-- Opening Marker --
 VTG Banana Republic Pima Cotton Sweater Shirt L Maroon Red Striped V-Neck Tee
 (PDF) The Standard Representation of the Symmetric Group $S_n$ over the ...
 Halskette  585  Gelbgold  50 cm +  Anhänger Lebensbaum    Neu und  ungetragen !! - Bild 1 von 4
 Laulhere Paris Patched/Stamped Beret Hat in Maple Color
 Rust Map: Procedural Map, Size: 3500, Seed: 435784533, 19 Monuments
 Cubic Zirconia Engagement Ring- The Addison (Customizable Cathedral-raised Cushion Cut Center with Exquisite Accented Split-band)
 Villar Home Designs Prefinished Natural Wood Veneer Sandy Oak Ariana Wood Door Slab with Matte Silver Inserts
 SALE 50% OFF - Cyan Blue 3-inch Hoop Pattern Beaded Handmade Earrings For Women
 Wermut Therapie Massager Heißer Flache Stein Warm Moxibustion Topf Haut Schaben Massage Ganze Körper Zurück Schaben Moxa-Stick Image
-- Closing Marker --
From the line that contains "SALE 50% OFF" through the final line of the entries above, every line must be reproduced exactly and nothing more.

Written answer:
 SALE 50% OFF - Cyan Blue 3-inch Hoop Pattern Beaded Handmade Earrings For Women
 Wermut Therapie Massager Heißer Flache Stein Warm Moxibustion Topf Haut Schaben Massage Ganze Körper Zurück Schaben Moxa-Stick Image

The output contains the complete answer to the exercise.